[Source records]
- Opening Delimiter -

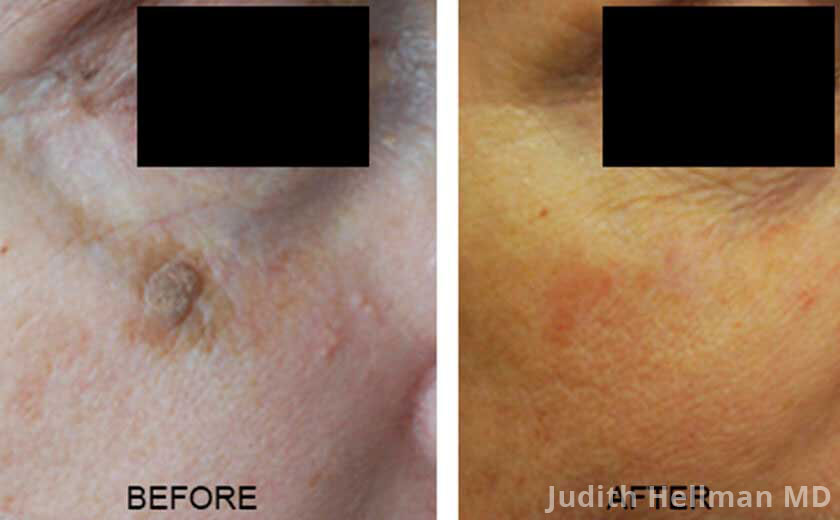 Skin Tags And Other Benign Moles - Before and After Photos - Patient 2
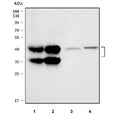 Western blot testing of 1) human HCCT, 2) human HCCP, 3) rat liver and 4) mouse liver tissue lysate with ORM1 antibody. Expected molecular weight: 24/41-60 kDa (unmodified/glycosylated).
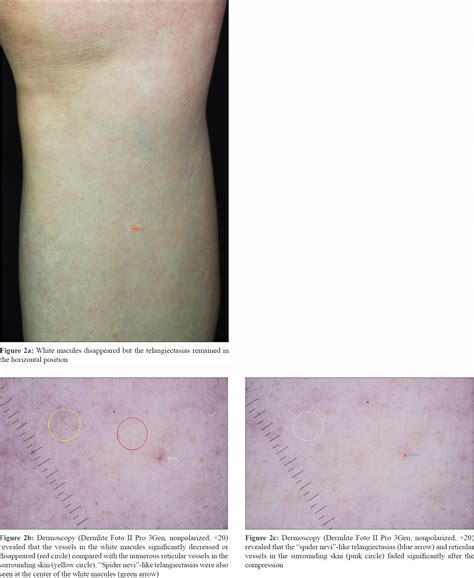 Unilateral Nevoid Telangiectasia Acquired Spider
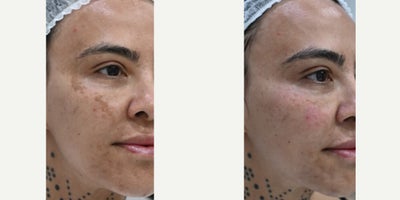 LED Light Therapy before and after photo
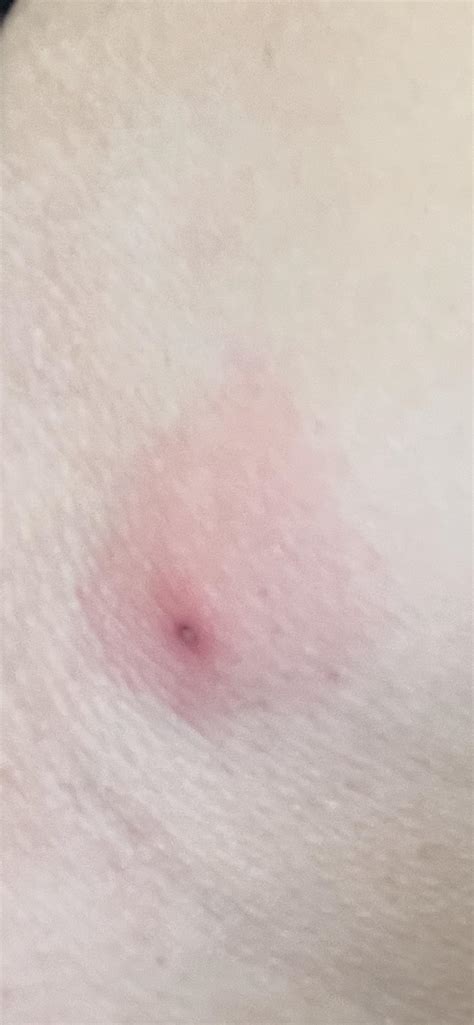 Spider bite? : r/spiderbites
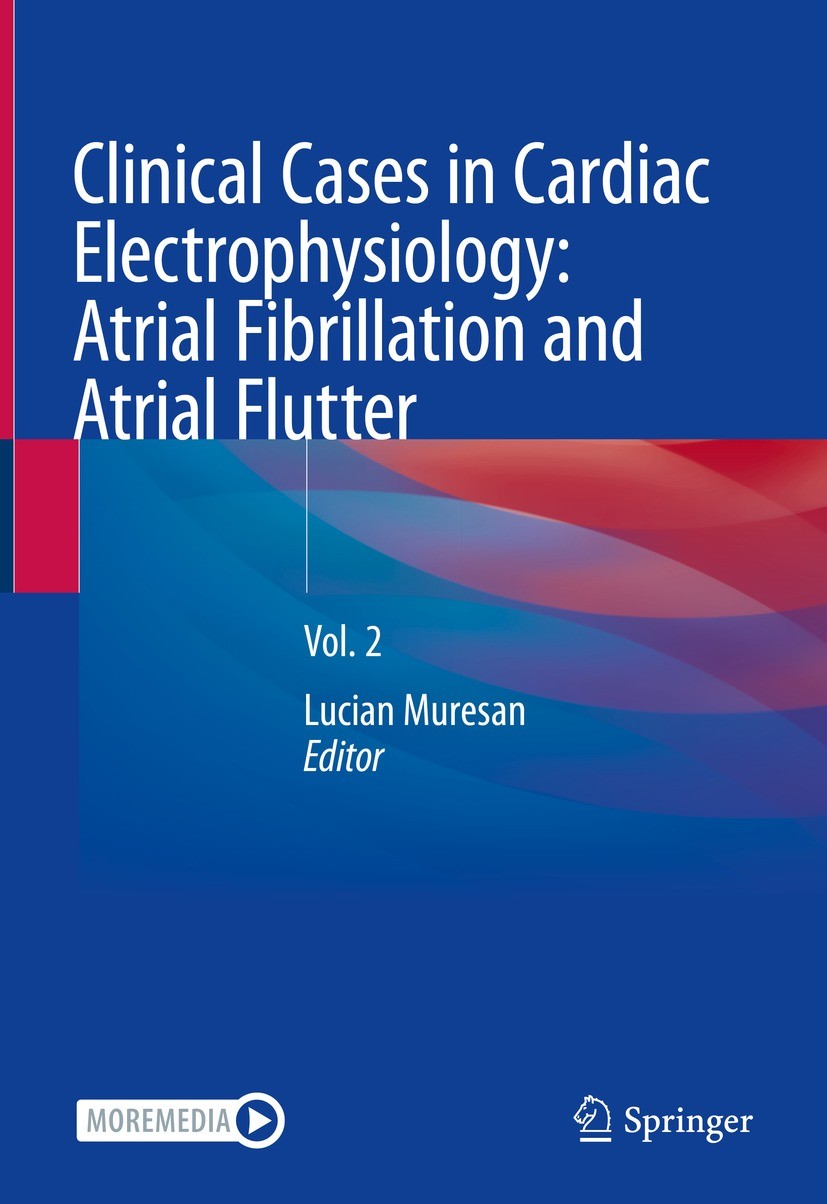 Titlebook: Clinical Cases in Cardiac Electrophysiology: Atrial Fibrillation and Atrial Flutter; Vol. 2 Lucian Muresan Textbook 2023 The Editor(s) (if Titlebook: Clinical Cases in Cardiac Electrophysiology: Atrial Fibrillation and Atrial Flutter; Vol. 2 Lucian Muresan Textbook 2023 The Editor(s) (if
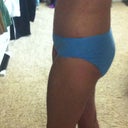3 months side view--still have some swelling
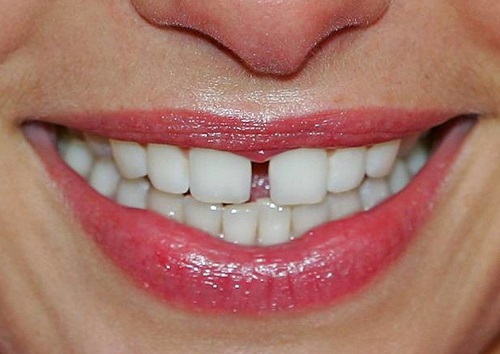 Răng sứ bị thưa khắc phục như thế nào? 2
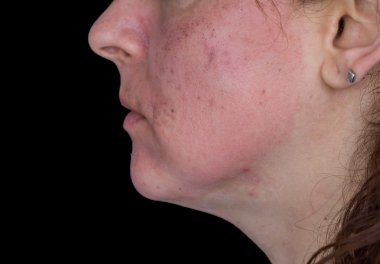 kimyasal peeling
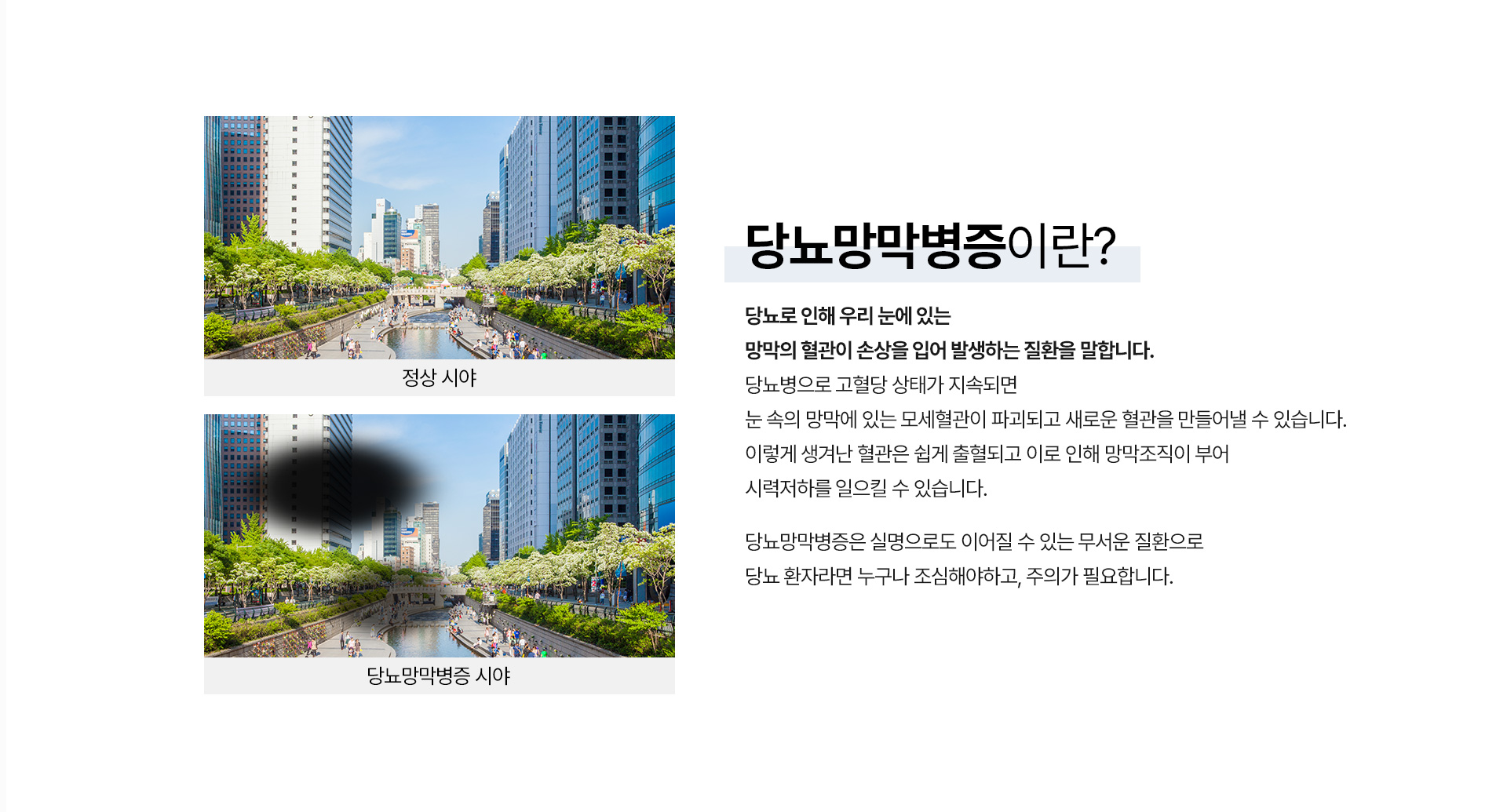 당뇨망막병증_01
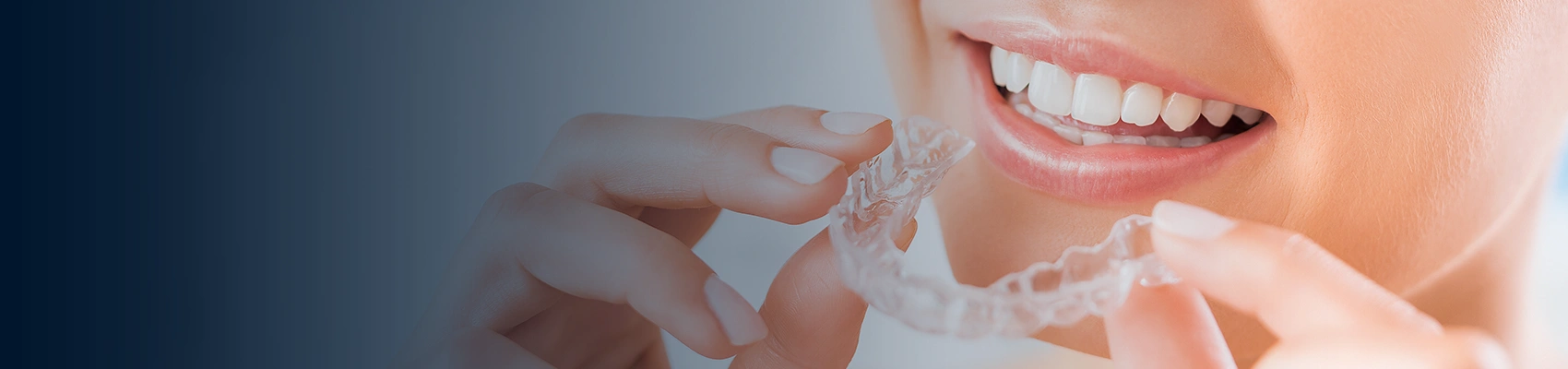 How Long To Wear The Clear Braces – Bayswater Dental Clnic 
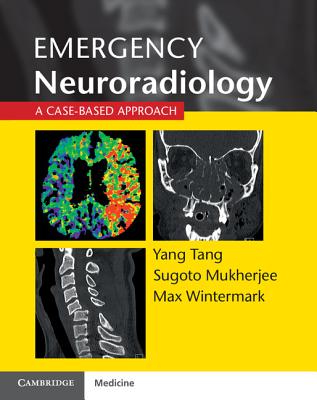 Emergency Neuroradiology: A Case-Based Approach By Yang Tang (Editor), Sugoto Mukherjee (Editor), Max Wintermark (Editor) Cover Image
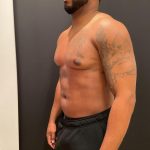 High Definition Liposuction Before & After Patient #8185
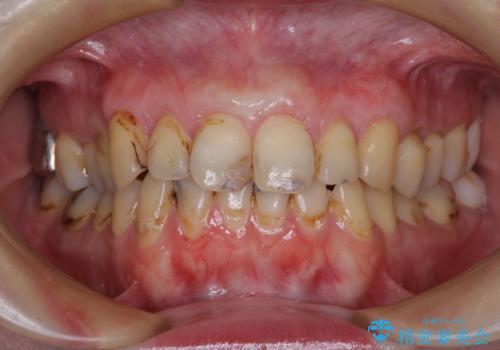 むし歯だらけの前歯をオールセラミッククラウンできれいにの治療中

- Closing Delimiter -

Exercise objective
Only the lines from the top of the records through the line with "3 months side view--still have some swelling" belong in the copy; write them out exactly, leaving out pictures.

Solution for this problem
 Skin Tags And Other Benign Moles - Before and After Photos - Patient 2
 Western blot testing of 1) human HCCT, 2) human HCCP, 3) rat liver and 4) mouse liver tissue lysate with ORM1 antibody. Expected molecular weight: 24/41-60 kDa (unmodified/glycosylated).
 Unilateral Nevoid Telangiectasia Acquired Spider
 LED Light Therapy before and after photo
 Spider bite? : r/spiderbites
 Titlebook: Clinical Cases in Cardiac Electrophysiology: Atrial Fibrillation and Atrial Flutter; Vol. 2 Lucian Muresan Textbook 2023 The Editor(s) (if Titlebook: Clinical Cases in Cardiac Electrophysiology: Atrial Fibrillation and Atrial Flutter; Vol. 2 Lucian Muresan Textbook 2023 The Editor(s) (if
3 months side view--still have some swelling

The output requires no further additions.